» **AIM OF THE EXERCISE**:
Exactly as written, please set down all of the entries again, with no pictures.

» **DATASET**:
---------------
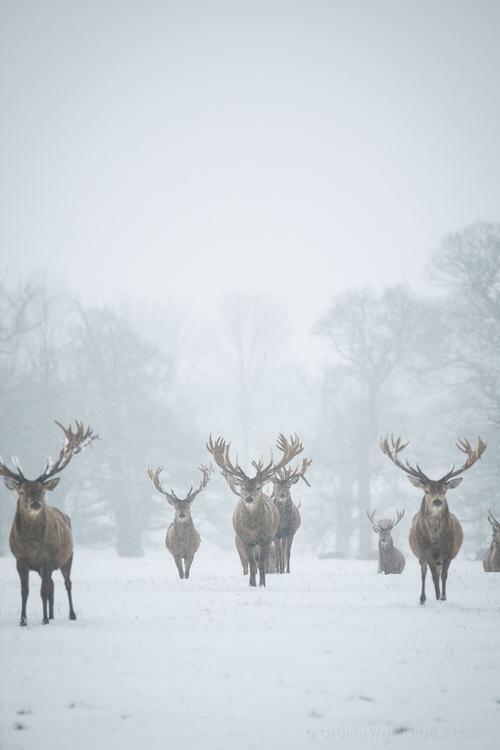 SJanwale's tweet photo. #SupportMahaWildLifeWeek Save,conserve and nurture the wild life http://t.co/6Ku09FZDDj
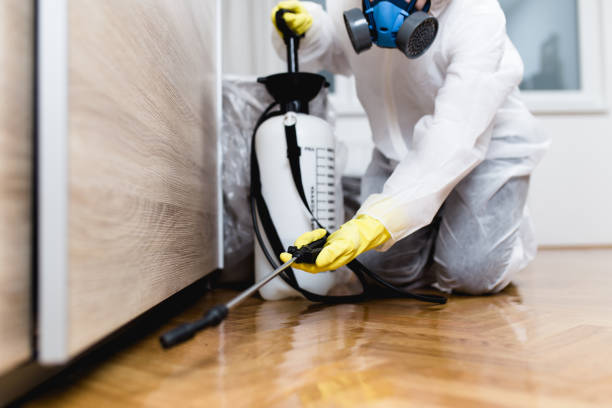Best Emergency Pest Control  in Yerington, NV
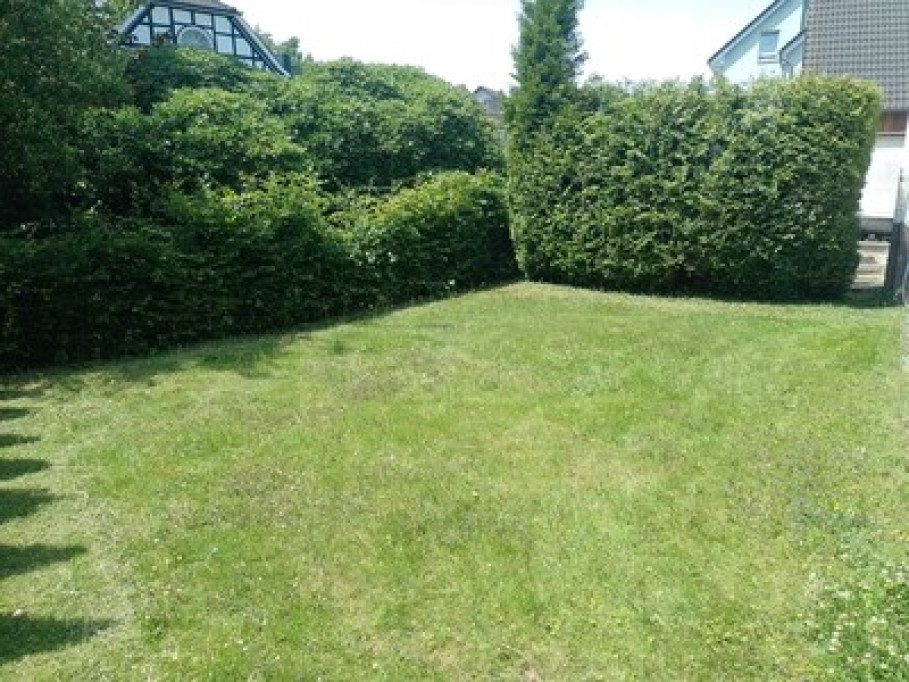 Welcome to my house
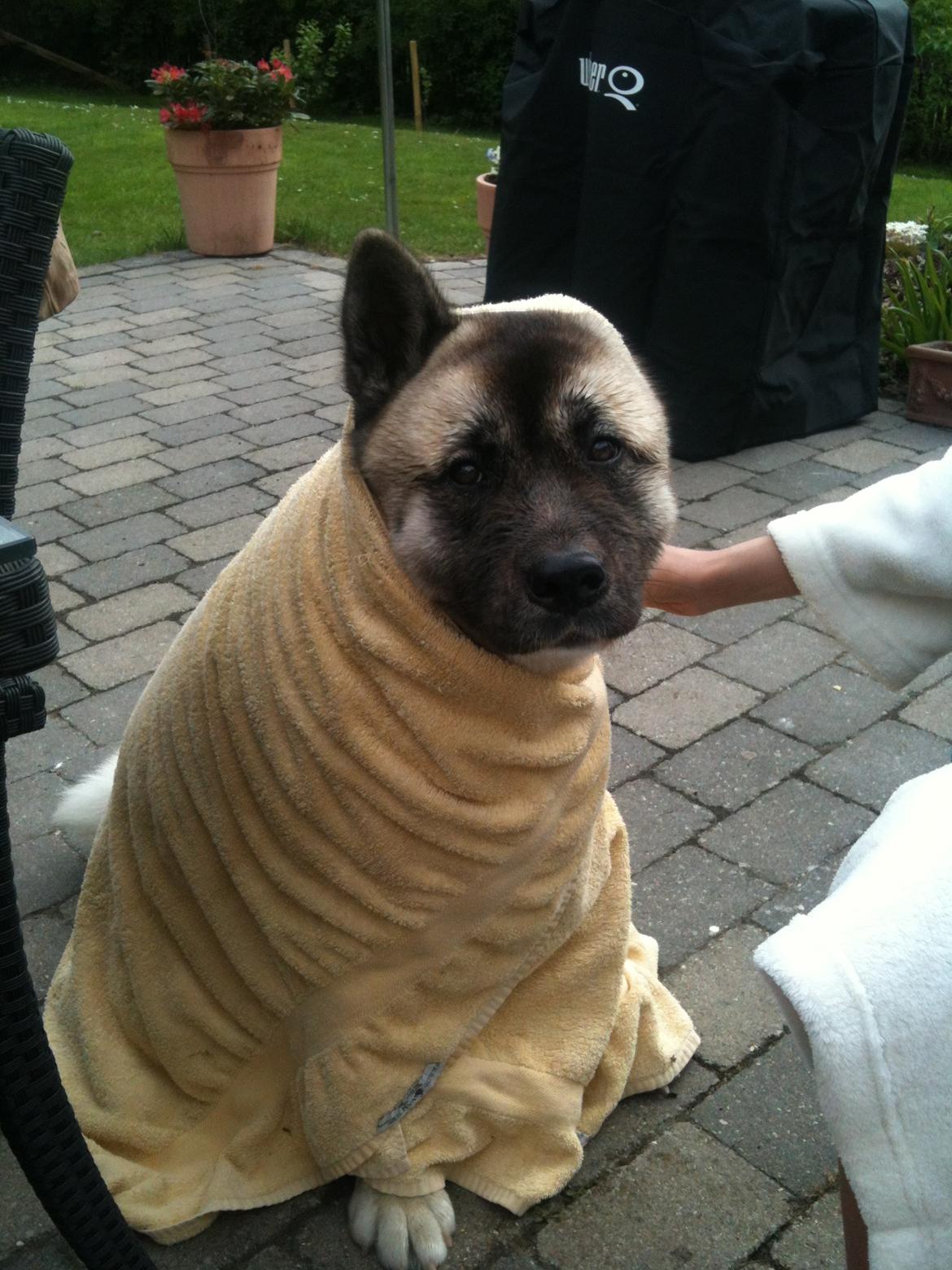 American Akita Mufti billede 19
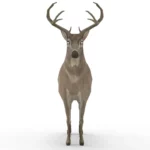 Deer 3d model_(2)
---------------
» **TASK RESULT**:
 SJanwale's tweet photo. #SupportMahaWildLifeWeek Save,conserve and nurture the wild life http://t.co/6Ku09FZDDj
Best Emergency Pest Control  in Yerington, NV
 Welcome to my house
 American Akita Mufti billede 19
 Deer 3d model_(2)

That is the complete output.